Why? In the absence of fire, too much fuel, in the form of dropped needles and branches, had accumulated at the bases of the largest trees. Yet not enough time had elapsed to allow a similar buildup of fuel beneath the crowns of the smaller trees. As a consequence, flames traveled quickly through the thickets of new growth but smoldered long enough at the feet of the giant trees to girdle and kill them.

For Covington the unexpected loss of so many old-growth specimens was a wake-up call. Before setting fire loose in the forest again, he concluded that the forest had to be made more fire tolerant, and that meant restoring it to its original structure. For guidance, he and his colleagues turned to old photographs and historic texts, all of which confirmed that prior to European settlement, the ponderosa pine forests of the Southwest looked very different, with "every foot...covered with the finest grass," wrote a traveler who passed through the area in the mid-1800s, "and unencumbered with brush wood."

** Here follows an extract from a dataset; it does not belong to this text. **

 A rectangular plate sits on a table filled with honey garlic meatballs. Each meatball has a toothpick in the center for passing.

An even more detailed guide to what these forests originally looked like came from records kept by early foresters, who in 1909 established a series of experimental plots across the Southwest. Among these was an unlogged eight-acre plot in the Coconino that was set aside as a long-term control. Covington and his colleagues made 1876 the reference year for this plot it was the year the last fire occurred and then proceeded to reconstruct the way the forest had looked at the time. The difference between then and now, they found, was dramatic. In 1876 the plot boasted just more than 20 trees an acre, compared with 1,250 some 120 years later.

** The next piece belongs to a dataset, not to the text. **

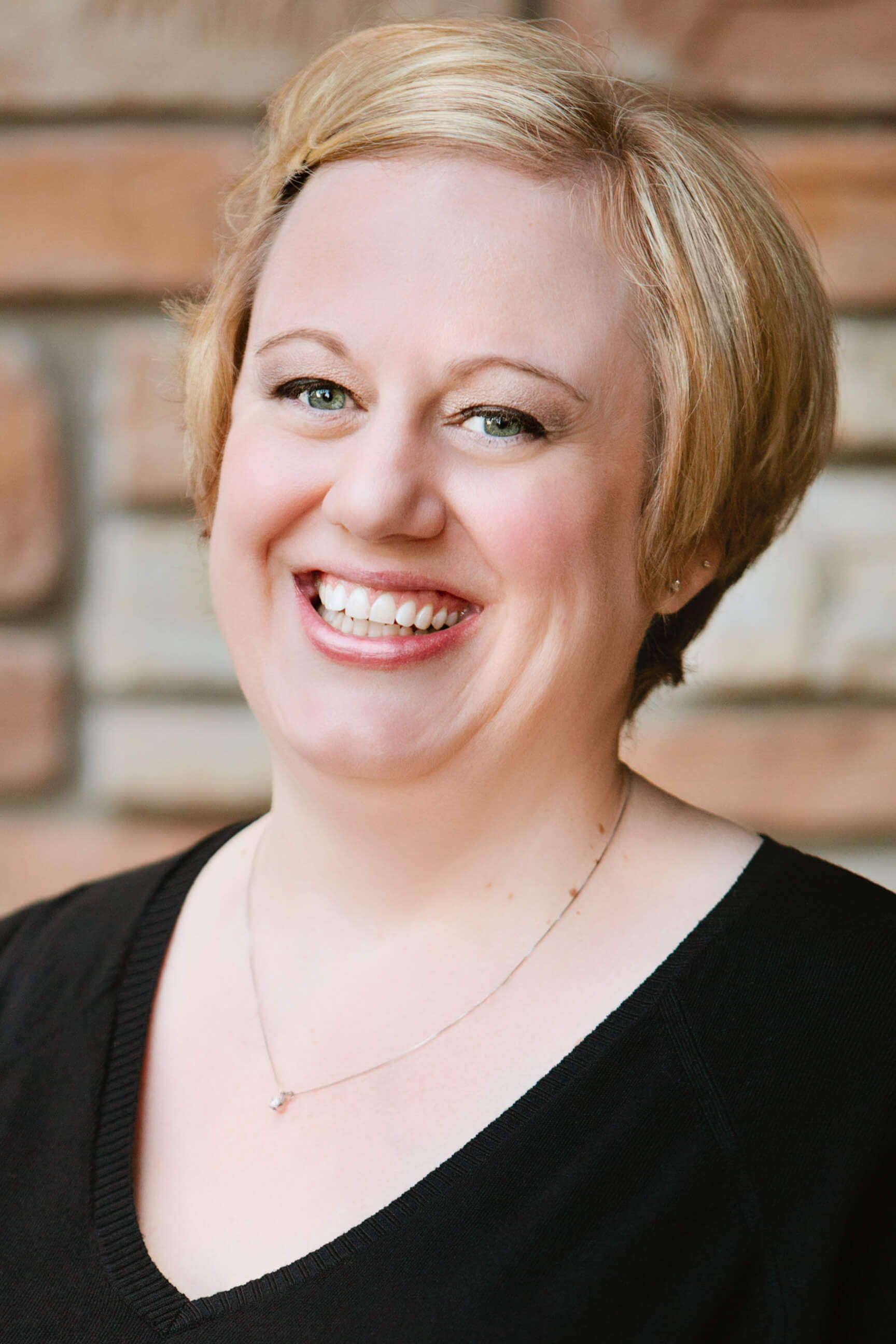 A woman smiles for the camera during her Missoula headshots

This was the plot that Covington's team experimentally thinned in 1993 and 1994, taking care to preserve all old-growth trees. The area now boasts some 60 trees an acre, and as individual trees, they seem far healthier than before. For one thing, the outer coating of their needles has increased in toughness, which helps discourage foliage-eating insects. For another, their nonwoody tissues are producing greater quantities of resin, which affords protection against bark beetles. Best of all, there is no longer any need for mechanical thinning, as low-intensity prescribed fires can safely do the job.

Indeed, says Covington, thinning should not be viewed as a substitute for prescribed fire but as its prerequisite. Otherwise, the nation could spend as much as $700 an acre on it and, a decade or so later, wind up back where it started.

The Value of Patchiness
How a wildfire behaves is determined by many variables, but among the most important are wind speed, topography, air temperature, humidity and, last but not least, fuel load. Variations in fuel load create the equivalent of speed bumps in the landscape that serve to slow fire down, and the problem we have now is that this patchiness in many places has all but disappeared replaced by vast tracts of forest that are uniformly dense with unburned kindling.

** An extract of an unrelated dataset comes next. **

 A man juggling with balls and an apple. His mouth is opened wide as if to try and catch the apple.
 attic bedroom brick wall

Restoring this lost patchiness is critical. Unfortunately, there is no easy equation for doing so, as the optimal distribution of fuel varies widely from forest to forest.

The frequent-fire regime that prevailed in the ponderosa pine forests of Arizona and New Mexico, for example, kept fuels low over widespread areas. In the ponderosa pine forests of Colorado's Front Range, however, big burns were spaced farther apart, allowing flammable material to accumulate. These fires rolled through every few decades or so and occasionally burned extremely hot. Their legacy, says Merrill Kaufmann, a senior scientist with the U.S. Forest Service's Rocky Mountain Research Station, was a mosaic of forested areas that alternated with clearings ranging from 5 acres to 100 acres in size.

It was this scale of patchiness in the landscape that once minimized the danger of horrific conflagrations like the infamous Hayman fire of 2002. In a single day, it is sobering to recall, the Hayman fire flared across some 60,000 acres in Denver's watershed, torching the crowns of trees and cooking the soil. Among the casualties were most of the 300-to-600-year-old ponderosa pines on a 7,500-acre site that Kaufmann has closely studied. It was a beautiful site, he says, ungrazed and unlogged. The only problem was that fuel loads were off-scale because a good fire had not moved through in more than 120 years.